Zeit für ein paar Decals:








Das ist Stand gestern um Mitternacht.
Ich warte jetzt noch auf die Tubeless-Ventile und das Token-Innenlager, und dann kommt die Kette drauf und man kann mal ne Runde drehen.

Den Carbonlenker muss ich noch kürzen, bin aber noch am Rätseln auf welche Breite. Ist original 680 mm. Die Bremsen gehen relativ weit rein, aber ich glaub ich kürze erst wenn der Fahrer selber mal drauf gesessen hat.


----------



## Roelof (1. August 2016)

Ich hoffe der Umwerfer passt so. Gehört da vielleicht ein down swing (also Schelle oben) drauf?
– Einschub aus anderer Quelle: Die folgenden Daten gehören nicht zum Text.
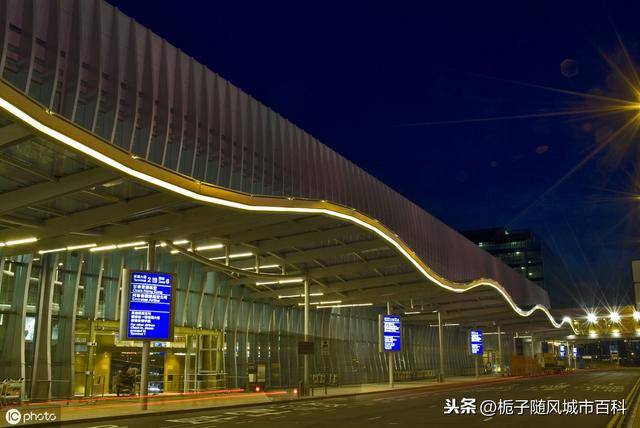 自香港国际机场在1998年7月启用以来,一直坚守"安全,营运效率,顾客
Sonst bleibt mir nicht viel übrig zu sagen, außer gut gemacht und viel Spaß


----------



## MTB-News.de




----------



## Floh (1. August 2016)

Ich hatte noch einen XT Down Swing, hab ich ausprobiert. Passt nicht besser. Das Sitzrohr ist ja so kurz, und der Zuganschlag sitzt da mitten im Weg. E-Type wäre noch eine Möglichkeit, ist aber m.E. ein Mist-System.
Original hat das Rad ja dreifach vorne, wenn auch mit größeren Kettenblättern. Ich hab jetzt 22-32 drauf, könnte aber auch noch 24-36 machen wenn das knirscht mit dem Platz. Das ist jetzt erstmal worst case.
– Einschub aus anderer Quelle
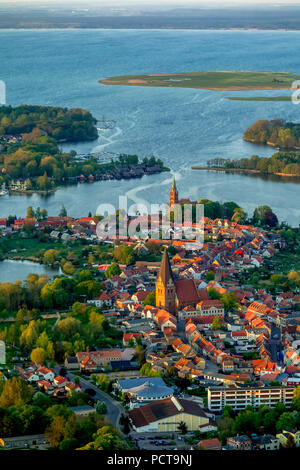 Röbel con la Chiesa di San Nicola (in primo piano) e la chiesa di Santa Maria (dietro) in una riga con il porto entrata al lago di Müritz, tramonto umore, Röbel sul lago di Müritz, Meclemburgo Lake Plateau, Meclemburgo-Pomerania, Tedesco Foto Stock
EDIT Da stand Top Swing sollte Down heißen.


----------



## Linipupini (1. August 2016)

wenn du noch einen e-Typ brauchst, ich habe hier noch einen sehr guten Umwerfer Shimano XT FD-M760A-E
hier rumliegen.
  
sonst ist es sehr schön geworden. Matt gefällt mir nicht so gut, mal sehen wie sich das pflegen lässt.

Gruss Meikel


----------



## Floh (1. August 2016)

Danke für das Angebot. Wenn ich die richtige Innenlager Länge habe und ne Kette drauf kann ich mehr zur Funktion sagen.

EDIT Der Käfig sieht so schön kurz aus, oder täuscht das optisch?


----------



## Roelof (1. August 2016)

Ich glaub das täuscht... Was aber noch funken könnte, sind die älteren xtr Umwerfer (fd m 95x?) mit dem Käfig, der sich in sich selbst veschiebt. Bei irgendeinem Fully hatte ich das Platzproblem auch und der hat gepasst. Was hast du für einen Rohrdurchmesser?


----------



## Floh (4. August 2016)

Sattelrohr ist 27,2 also schätz ich mal 31,2 oder so. Musste an dem Umwerfer Ø34,9 einen von diesen Plastikstreifen unterlegen die Shimano mit in die Kiste tut. Aber gemessen hab ich nicht.

EDIT So einen?
http://bikemarkt.mtb-news.de/article/811699-shimano-xtr-fd-m950-umwerfer


----------



## Roelof (4. August 2016)

Ja, genau so einen...  sind auch gut leicht...


----------



## Floh (4. August 2016)

Und der macht was genau? Ich verstehe "sich in sich selbst verschiebt" nicht ganz. Ist das so eine Art Side Swing wie die neuen? Wo nichts rotiert?


----------



## Roelof (4. August 2016)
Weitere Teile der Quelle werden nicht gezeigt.